====== Task input ======
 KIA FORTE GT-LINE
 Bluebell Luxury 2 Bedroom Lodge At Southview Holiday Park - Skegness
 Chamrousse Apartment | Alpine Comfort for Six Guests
======
====== Task input ======
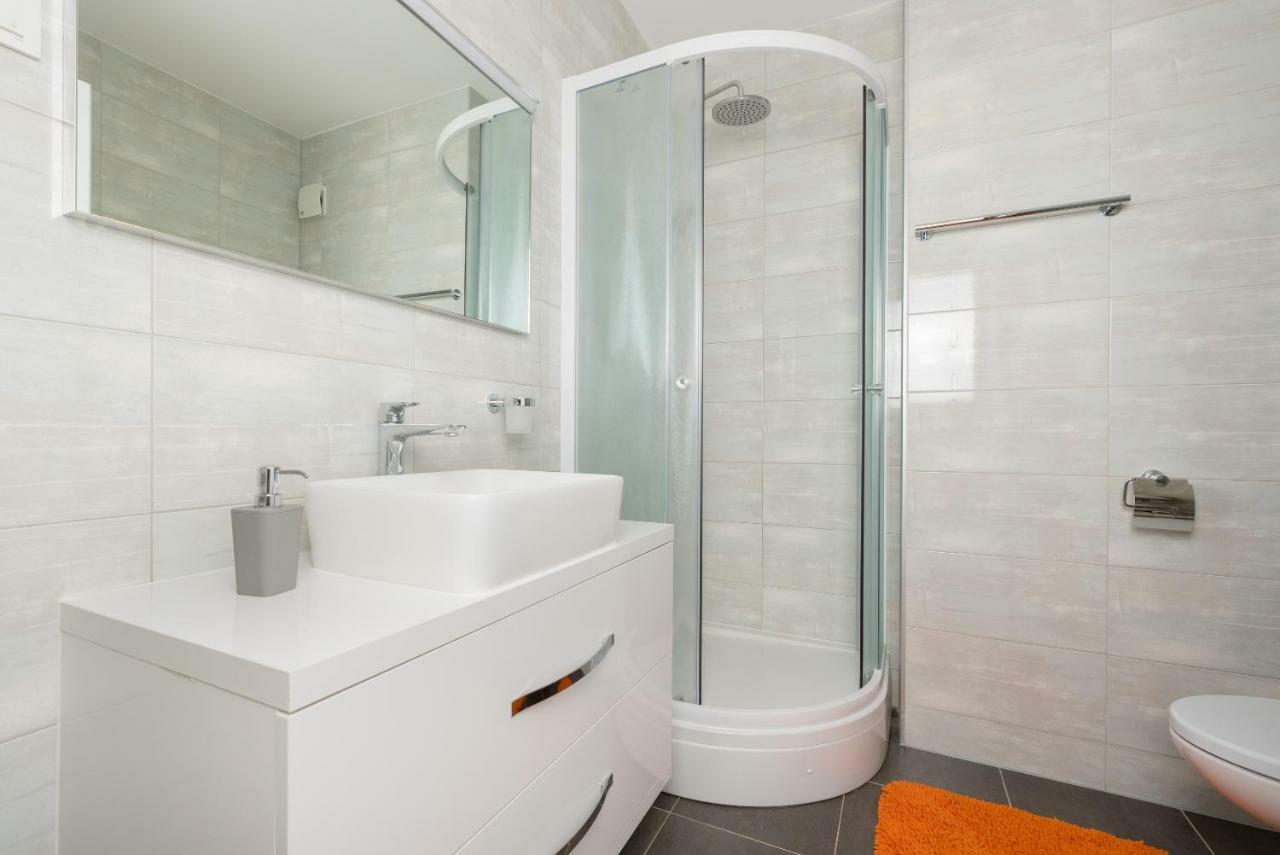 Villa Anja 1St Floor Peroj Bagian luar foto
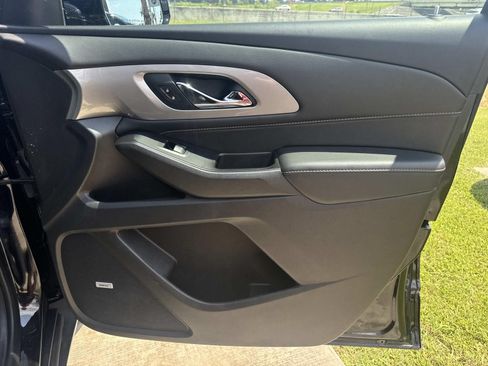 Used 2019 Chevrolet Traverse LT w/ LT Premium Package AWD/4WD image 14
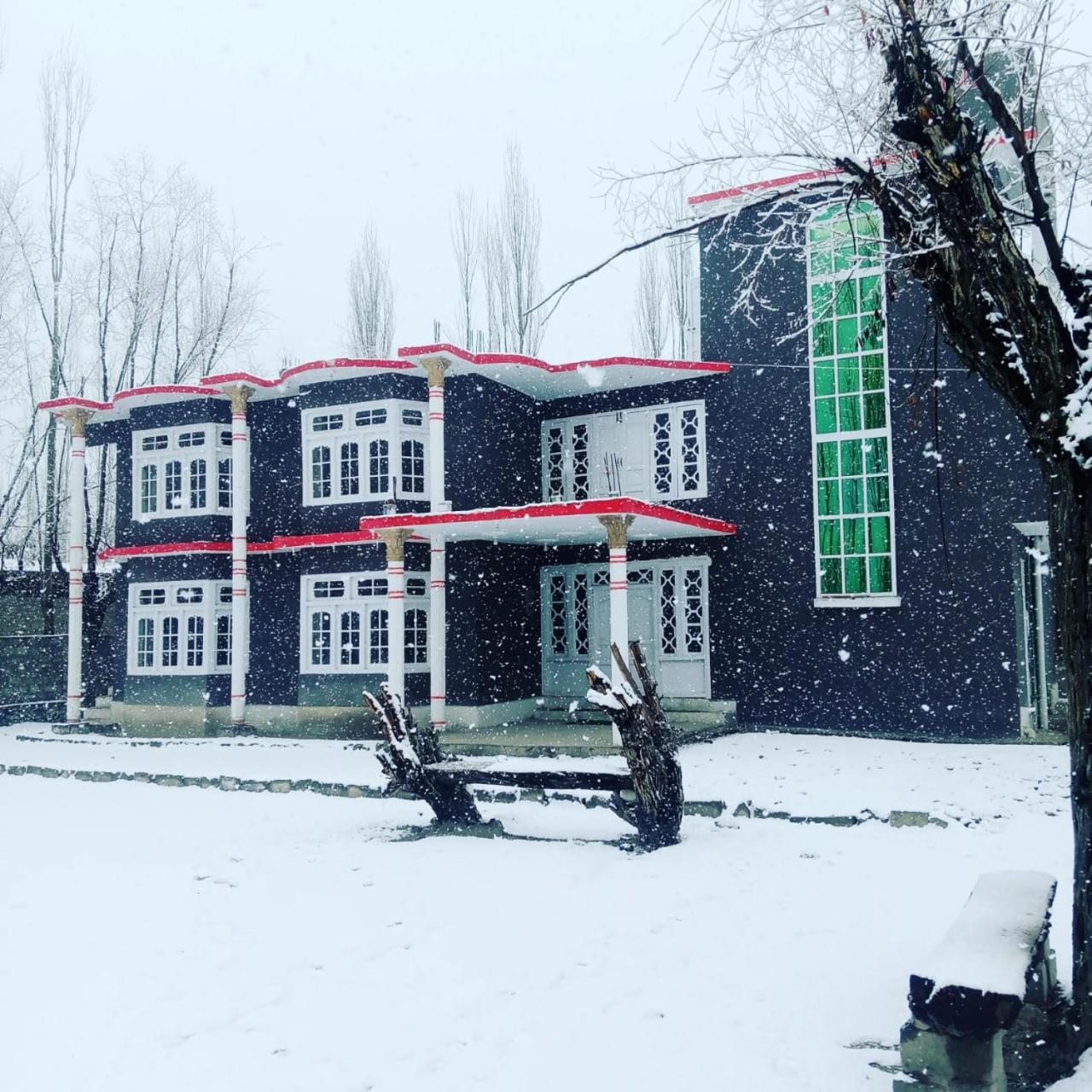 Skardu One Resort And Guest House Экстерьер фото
======
_What the task asks_. Repeat exactly the lines above, beginning at the one containing "Villa Anja 1St Floor Peroj Bagian luar foto" and ending at the one containing "Skardu One Resort". Do not carry over any pictures.

_Expected output_.
 Villa Anja 1St Floor Peroj Bagian luar foto
 Used 2019 Chevrolet Traverse LT w/ LT Premium Package AWD/4WD image 14
 Skardu One Resort And Guest House Экстерьер фото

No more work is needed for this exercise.